今後も「地域と共に歩み、地域の発展に寄与する、確固たるローカル放送局」であり続けるよう、これまで培っ
てきた取材力、番組制作力を維持・強化し、視聴率、聴取率の向上を通じて業績の向上を図り、確固たる経営基
盤を確立することで株主、県民の期待に応えていきたい。
(2) 目標とする経営指標
当社グループの中心となる一般放送業においては、今後も売上高の大幅な増加が見込まれない中、引き続き経
費の効率的運用に努め、安定的な営業利益を確保していきたい。また、営業活動によるキャッシュ・フローの確
保、増大化により有利子負債の最小化を図り、財務体質の改善、自己資本比率の向上に努めていきたい。
(3) 事業上及び財務上の対処すべき課題
民間放送を取り巻く環境は急速に変化しており、昨年4月からのNHKに続いて、在京キー局がゴールデン
タイムなどのテレビ番組について、今年中にインターネットで常時同時配信を開始する予定になっている。
当社は、こうした環境を乗り越えていくために、企業体質を一層強化し、今後も安定した利益を確保できるよう
グループ各社の総力を結集していく所存である。
また、当社は新社屋を建設し、今年11月には本社を移転する予定であり、既に多額の設備投資を実行してい
るが、長期の安定資金で調達するとともに、現社屋の敷地を含めて保有資産の有効活用も進めていきたい。
なお、新型コロナウィルス感染症の影響については、一般放送業においてはスポンサー企業の広告出稿意欲の
低下によりスポット広告収入が低迷しているとともに、イベントの中止等により売上高は大きく減少している。

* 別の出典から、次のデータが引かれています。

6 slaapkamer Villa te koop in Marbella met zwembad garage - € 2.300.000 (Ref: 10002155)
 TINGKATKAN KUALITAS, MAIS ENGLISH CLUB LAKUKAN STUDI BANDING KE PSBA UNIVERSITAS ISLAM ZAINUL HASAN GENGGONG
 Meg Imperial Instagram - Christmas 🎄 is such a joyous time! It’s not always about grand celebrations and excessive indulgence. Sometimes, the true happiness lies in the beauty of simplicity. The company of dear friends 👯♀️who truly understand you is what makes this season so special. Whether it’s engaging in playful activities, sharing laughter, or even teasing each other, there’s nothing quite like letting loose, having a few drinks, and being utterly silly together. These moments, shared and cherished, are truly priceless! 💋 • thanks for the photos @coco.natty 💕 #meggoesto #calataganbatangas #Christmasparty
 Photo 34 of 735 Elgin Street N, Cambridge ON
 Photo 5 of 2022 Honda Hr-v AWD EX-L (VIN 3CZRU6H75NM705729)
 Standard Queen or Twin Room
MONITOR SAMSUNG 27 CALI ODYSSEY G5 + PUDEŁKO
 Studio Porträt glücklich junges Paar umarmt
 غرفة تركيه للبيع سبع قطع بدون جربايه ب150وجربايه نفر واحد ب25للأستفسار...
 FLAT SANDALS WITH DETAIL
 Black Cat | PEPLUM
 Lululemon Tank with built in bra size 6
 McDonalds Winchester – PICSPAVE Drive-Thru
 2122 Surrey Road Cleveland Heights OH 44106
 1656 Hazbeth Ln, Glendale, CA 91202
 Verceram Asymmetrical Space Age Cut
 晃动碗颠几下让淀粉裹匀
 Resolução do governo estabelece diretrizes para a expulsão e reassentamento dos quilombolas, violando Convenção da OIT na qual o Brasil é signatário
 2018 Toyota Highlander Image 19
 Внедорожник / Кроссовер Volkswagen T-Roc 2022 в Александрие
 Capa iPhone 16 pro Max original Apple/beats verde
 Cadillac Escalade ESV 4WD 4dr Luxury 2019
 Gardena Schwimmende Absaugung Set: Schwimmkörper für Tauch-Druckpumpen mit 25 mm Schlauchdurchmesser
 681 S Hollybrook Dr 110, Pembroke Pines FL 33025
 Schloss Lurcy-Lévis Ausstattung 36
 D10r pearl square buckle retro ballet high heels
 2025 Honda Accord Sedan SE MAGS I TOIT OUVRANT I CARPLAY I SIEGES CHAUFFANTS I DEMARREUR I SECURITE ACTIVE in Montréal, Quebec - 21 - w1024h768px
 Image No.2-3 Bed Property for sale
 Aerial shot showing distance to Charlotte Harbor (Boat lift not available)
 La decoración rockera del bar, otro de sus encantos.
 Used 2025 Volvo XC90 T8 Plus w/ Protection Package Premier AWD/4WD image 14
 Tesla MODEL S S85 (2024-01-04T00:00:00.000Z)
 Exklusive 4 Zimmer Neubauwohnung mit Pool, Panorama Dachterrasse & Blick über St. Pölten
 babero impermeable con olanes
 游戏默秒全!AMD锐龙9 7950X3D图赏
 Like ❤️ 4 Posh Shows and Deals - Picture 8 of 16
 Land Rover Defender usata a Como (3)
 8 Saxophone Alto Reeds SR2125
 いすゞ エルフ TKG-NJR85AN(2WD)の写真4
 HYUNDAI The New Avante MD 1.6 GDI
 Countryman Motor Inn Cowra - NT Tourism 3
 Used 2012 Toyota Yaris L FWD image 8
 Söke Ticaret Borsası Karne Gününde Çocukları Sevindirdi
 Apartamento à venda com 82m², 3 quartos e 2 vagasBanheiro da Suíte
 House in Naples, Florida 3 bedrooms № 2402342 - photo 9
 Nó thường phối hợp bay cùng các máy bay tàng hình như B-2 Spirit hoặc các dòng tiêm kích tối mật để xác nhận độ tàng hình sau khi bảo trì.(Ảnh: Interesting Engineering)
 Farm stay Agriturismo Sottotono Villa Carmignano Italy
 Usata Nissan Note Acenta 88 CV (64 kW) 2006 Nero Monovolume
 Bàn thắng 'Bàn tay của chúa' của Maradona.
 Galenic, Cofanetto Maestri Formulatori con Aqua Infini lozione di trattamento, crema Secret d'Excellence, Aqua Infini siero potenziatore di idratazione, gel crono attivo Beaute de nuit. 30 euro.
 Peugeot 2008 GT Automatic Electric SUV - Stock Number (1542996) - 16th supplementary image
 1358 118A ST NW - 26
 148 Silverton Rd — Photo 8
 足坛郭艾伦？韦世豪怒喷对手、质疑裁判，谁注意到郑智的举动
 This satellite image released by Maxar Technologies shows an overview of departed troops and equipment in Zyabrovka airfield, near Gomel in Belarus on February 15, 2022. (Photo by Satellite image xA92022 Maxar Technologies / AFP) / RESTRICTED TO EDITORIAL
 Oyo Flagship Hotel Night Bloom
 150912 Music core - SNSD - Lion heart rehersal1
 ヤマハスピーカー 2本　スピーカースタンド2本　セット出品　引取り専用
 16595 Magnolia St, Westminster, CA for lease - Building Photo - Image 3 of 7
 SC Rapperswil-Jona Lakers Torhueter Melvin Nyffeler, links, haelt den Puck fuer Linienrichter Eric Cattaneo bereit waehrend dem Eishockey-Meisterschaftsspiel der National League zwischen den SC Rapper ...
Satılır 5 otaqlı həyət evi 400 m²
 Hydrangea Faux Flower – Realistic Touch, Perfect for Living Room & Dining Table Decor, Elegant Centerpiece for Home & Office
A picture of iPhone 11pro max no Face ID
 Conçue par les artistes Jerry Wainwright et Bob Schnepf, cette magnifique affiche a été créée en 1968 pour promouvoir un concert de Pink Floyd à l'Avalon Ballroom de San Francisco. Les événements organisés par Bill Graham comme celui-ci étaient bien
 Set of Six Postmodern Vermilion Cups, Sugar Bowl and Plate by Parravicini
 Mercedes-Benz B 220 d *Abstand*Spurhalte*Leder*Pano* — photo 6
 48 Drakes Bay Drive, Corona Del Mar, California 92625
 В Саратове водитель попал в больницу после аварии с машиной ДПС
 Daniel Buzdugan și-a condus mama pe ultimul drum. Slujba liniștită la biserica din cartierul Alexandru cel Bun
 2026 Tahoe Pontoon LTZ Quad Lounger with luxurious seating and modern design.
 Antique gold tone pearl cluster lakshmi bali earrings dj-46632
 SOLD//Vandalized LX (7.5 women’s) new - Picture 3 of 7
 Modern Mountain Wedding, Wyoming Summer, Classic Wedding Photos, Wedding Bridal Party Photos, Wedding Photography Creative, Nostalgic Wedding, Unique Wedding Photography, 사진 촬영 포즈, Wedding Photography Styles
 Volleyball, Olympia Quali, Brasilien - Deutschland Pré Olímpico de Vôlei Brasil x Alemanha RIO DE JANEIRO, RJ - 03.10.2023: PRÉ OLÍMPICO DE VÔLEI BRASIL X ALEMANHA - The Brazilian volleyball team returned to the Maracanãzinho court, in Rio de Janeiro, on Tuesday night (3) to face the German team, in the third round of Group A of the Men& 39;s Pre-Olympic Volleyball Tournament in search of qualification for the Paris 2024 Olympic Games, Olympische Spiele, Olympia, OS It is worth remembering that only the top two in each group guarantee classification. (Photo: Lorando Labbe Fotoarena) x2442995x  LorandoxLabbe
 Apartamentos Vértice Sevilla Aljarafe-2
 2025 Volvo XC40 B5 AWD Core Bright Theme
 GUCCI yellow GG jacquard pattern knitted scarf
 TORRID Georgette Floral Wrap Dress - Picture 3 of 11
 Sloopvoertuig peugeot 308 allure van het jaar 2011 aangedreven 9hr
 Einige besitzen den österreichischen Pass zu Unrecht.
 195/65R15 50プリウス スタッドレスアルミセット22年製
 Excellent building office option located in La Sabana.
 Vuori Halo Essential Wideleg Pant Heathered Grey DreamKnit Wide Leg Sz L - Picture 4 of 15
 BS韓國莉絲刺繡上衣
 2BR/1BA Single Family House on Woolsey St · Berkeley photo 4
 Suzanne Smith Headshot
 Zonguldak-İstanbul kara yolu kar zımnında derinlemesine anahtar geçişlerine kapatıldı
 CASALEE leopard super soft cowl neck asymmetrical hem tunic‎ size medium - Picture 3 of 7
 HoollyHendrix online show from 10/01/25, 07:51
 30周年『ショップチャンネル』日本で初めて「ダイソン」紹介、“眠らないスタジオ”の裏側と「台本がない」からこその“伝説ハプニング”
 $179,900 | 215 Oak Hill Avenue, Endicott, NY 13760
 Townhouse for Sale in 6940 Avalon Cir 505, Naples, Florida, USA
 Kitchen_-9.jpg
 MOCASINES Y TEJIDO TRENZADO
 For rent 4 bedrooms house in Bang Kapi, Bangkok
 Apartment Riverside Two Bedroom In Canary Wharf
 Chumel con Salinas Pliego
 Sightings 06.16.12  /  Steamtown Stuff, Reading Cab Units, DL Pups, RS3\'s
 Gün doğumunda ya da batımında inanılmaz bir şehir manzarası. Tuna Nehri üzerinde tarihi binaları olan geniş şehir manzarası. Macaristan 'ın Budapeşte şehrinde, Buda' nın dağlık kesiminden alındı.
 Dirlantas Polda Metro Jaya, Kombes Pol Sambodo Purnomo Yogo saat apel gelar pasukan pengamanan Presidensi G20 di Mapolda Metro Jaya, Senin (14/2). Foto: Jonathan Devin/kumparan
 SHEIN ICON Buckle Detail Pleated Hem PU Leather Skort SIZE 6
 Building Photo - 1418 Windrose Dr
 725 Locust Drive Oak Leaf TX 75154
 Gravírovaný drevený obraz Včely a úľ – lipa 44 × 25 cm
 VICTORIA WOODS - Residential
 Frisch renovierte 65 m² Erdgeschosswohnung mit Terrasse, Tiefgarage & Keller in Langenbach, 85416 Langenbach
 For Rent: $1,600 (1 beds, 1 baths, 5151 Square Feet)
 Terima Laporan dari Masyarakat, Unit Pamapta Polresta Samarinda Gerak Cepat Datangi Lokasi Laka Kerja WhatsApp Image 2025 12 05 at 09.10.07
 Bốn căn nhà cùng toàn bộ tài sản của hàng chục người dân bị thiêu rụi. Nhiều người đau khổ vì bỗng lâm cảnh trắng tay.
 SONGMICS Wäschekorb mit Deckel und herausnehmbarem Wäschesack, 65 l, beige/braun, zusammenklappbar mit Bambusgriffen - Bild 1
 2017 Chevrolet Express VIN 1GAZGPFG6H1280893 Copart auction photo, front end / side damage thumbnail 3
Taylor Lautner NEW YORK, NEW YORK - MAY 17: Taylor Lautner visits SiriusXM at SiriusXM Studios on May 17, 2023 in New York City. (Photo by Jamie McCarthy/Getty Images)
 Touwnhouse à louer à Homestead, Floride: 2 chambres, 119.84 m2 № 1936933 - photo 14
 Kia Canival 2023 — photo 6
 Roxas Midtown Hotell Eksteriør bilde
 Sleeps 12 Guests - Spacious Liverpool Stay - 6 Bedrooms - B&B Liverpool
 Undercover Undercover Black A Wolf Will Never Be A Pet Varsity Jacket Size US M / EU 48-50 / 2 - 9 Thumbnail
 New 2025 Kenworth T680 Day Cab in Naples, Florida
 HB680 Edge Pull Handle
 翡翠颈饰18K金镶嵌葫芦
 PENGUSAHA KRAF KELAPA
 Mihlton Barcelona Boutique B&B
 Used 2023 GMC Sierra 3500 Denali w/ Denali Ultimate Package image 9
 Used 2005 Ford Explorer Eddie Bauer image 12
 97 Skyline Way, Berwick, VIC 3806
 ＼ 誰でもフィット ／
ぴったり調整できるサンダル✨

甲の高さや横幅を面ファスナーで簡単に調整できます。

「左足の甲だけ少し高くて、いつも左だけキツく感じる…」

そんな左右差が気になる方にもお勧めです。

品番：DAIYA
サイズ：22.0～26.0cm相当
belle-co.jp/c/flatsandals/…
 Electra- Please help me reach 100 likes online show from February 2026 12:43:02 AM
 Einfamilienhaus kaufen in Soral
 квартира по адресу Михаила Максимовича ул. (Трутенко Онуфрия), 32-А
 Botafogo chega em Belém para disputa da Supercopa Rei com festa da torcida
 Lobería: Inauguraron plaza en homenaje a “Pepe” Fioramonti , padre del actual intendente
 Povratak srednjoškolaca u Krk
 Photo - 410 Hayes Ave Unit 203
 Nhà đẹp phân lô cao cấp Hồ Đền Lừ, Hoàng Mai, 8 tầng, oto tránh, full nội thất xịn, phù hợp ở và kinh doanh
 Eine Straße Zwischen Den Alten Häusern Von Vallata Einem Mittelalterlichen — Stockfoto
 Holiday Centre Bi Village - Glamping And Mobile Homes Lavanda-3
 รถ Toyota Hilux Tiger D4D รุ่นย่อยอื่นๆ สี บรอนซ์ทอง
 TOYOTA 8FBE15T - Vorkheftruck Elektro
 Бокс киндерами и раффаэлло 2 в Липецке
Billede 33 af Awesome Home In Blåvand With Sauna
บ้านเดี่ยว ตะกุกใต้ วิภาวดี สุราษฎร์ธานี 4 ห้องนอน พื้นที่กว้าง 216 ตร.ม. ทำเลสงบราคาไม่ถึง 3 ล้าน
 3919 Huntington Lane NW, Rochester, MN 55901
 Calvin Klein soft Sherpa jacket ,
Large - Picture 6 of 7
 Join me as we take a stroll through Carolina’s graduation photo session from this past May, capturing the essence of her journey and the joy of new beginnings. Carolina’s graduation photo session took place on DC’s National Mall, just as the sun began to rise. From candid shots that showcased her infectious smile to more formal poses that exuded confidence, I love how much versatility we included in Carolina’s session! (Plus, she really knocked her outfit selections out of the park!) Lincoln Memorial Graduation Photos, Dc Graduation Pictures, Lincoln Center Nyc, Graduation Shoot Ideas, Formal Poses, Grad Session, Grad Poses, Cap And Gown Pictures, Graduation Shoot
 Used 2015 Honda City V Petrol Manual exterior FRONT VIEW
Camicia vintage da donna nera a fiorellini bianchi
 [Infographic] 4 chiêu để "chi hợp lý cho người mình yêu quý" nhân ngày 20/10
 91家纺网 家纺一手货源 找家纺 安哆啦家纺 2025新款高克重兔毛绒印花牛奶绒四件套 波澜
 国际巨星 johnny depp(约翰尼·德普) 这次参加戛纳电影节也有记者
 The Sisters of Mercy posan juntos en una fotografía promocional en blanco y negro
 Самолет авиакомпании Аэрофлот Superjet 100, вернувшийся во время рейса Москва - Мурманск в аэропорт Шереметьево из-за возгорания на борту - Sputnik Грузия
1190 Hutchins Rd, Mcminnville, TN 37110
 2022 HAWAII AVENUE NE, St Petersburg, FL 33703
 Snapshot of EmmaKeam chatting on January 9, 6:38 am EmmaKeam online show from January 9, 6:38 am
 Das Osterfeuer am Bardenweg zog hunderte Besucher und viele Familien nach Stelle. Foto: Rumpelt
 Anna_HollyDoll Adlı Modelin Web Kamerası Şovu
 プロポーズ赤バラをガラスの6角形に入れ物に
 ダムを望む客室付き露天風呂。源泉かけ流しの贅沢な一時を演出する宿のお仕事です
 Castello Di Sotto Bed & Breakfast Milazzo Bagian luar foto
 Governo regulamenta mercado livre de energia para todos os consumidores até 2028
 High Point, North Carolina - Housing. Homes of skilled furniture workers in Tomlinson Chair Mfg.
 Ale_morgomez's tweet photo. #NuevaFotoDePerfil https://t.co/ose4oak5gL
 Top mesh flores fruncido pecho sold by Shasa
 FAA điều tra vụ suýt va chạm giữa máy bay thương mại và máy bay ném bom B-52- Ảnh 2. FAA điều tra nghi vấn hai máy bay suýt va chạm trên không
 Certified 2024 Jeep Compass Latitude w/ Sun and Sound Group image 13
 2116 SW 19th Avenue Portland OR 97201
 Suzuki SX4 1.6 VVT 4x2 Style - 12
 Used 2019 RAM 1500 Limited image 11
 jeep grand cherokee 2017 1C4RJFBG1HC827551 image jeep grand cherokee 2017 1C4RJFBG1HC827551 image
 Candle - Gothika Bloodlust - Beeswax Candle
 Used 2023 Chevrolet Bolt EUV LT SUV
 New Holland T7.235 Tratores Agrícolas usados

一方で、対応する経費も出張禁止や会議の自粛などにより大幅に削減しているものの、売上高の減少を補うまで
には至らなかった。今後は、新たな生活様式に見合った提案などにより、利益への影響額を最小減に留めたいと
考えている。
また、コンピューター関連事業においては、昨今のテレワークやテレビ会議などの急速な普及に伴い、こうし
た変化が新たな需要を生み出しており、売上高増加に貢献している。
不動産賃貸事業においては、一部テナントの退去などにより減収となったが、業務の進め方を変革することによ
り自社使用面積を削減するなど、賃貸面積拡大による増収策も検討したい。
学園・貸ホール事業については、学園講座の開催が困難な状況となっており、学園事業は当年度で終了し、今後
は一定の利益が見込める貸ホール事業に注力していきたい。